Elicitation Techniques. There are a lot of elicitation techniques that are well-suited to security. Some of the usual requirements elicitation approaches are not so great (for example JAD) as they are focused exclusively on end-user features, and this does not typically do a good job of eliciting security requirements. Examples will be given for selecting elicitation techniques on a particular project.

  1. Requirements Analysis (15 minutes)

Requirements Classification. There are a number of approaches for classifying security requirements. For example, they could be classified as system level, software level, or architectural constraints. The idea of classification will be discussed along with examples.

Requirements Negotiation. Here we would cover methods such as AHP for prioritizing requirements and other methods of performing cost/benefit analysis. Here we would also discuss tradeoff analysis with other types of requirements, such as performance and usability. In order to properly prioritize and tradeoff, security risk analysis needs to be discussed.

  1. Requirements Reviews (15 minutes)

Requirements Inspections and Peer Reviews. Focus on reviews and inspections as they relate to software security requirements. Are there new inspection roles? Are the security requirements consistent with the other software requirements or are there conflicts?

  1. Requirements in Acquisition (30 minutes)

Acquisition security requirements. Discuss security requirements as they relate to various types of software acquisition, including custom contract software as well as COTS. Note linkage with supply chain risk management topic in the Software Assurance Methods tutorial. 

  1. Practical Considerations and Wrap-up (15  minutes)

Iterative Nature of the Requirements Process. Certain changes, such as architectural changes or operational environment changes should cause security requirements to be revisited. Also, over time, priorities may change. New threats may emerge, etc.
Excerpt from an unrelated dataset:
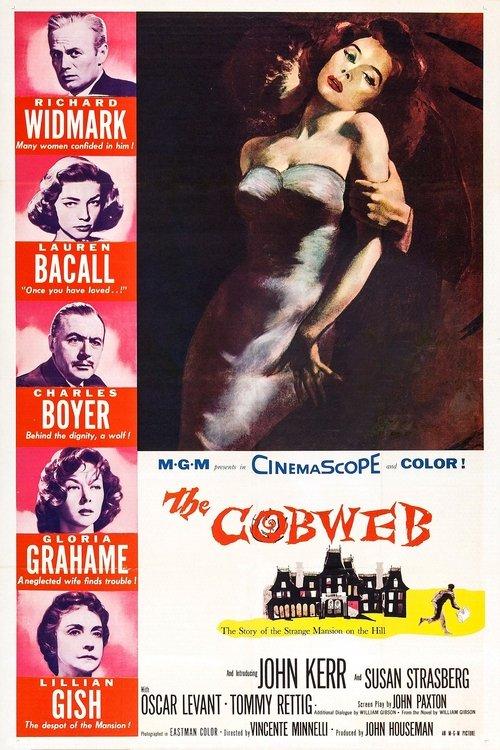 The Cobweb filmas online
Requirements Tracing. Discuss the unique aspects of tracing security requirements as well as the usual lifecycle requirements traceability to design, etc.

Measuring Requirements. Techniques for measuring security requirements process and product exist but this is still very much of an open research area. Describe what has been done so far and what remains to be done. Note linkage with measurement topic in the Software Assurance Methods tutorial.

About the Instructor:

Dr. Nancy R. Mead is Senior Member of the Technical Staff, CERT Secure Software and Systems, in the CERT Program at the Software Engineering Institute (SEI). Mead is also a faculty member in the Master of Software Engineering and Master of Information Systems Management programs at Carnegie Mellon University. She is currently involved in the study of security requirements engineering and the development of software assurance curricula. She also served as director of education for the SEI from 1991 to 1994. Her research interests are in the areas of information security, software requirements engineering, and software architectures.
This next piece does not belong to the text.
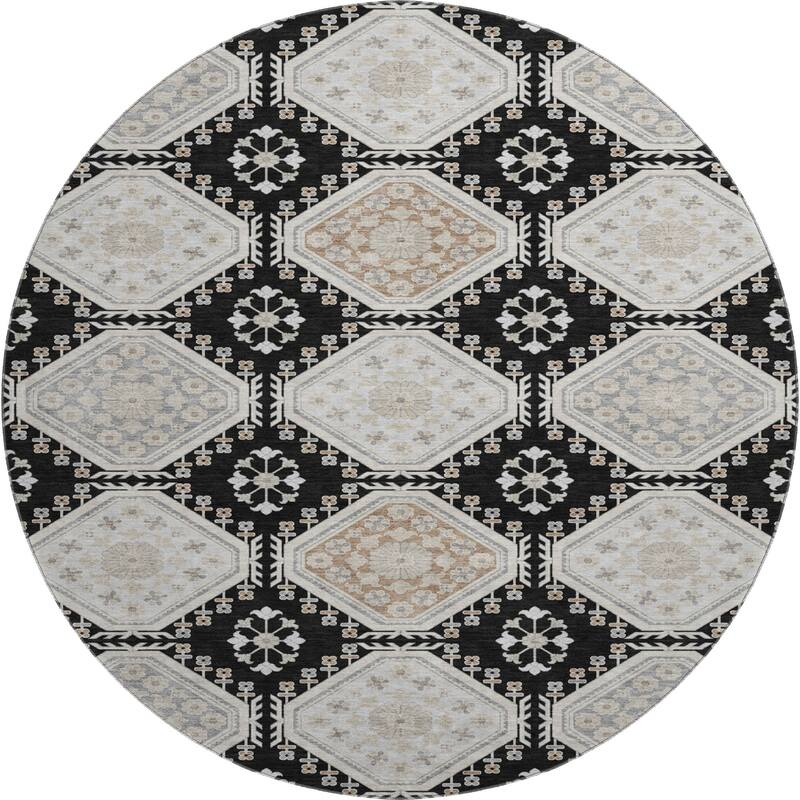 Premium Washable Super Soft Global Modern Mayfield Rug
Prior to joining the SEI, Mead was a senior technical staff member at IBM Federal Systems, where she spent most of her career in the development and management of large real-time systems. She also worked in IBM's software engineering technology area and managed IBM Federal Systems' software engineering education department. She has developed and taught numerous courses on software engineering topics, both at universities and in professional education courses.

Mead has more than 150 publications and invited presentations, and has a biographical citation in Who's Who in America. She is a Fellow of the Institute of Electrical and Electronic Engineers, Inc. (IEEE) and the IEEE Computer Society, and a Distinguished Member of the ACM. Mead serves on the Editorial Boards for the International Journal on Secure Software Engineering and the Requirements Engineering Journal, and is a member of numerous advisory boards and committees.

Mead received her PhD in mathematics from the Polytechnic Institute of New York, and received a BA and an MS in mathematics from New York University.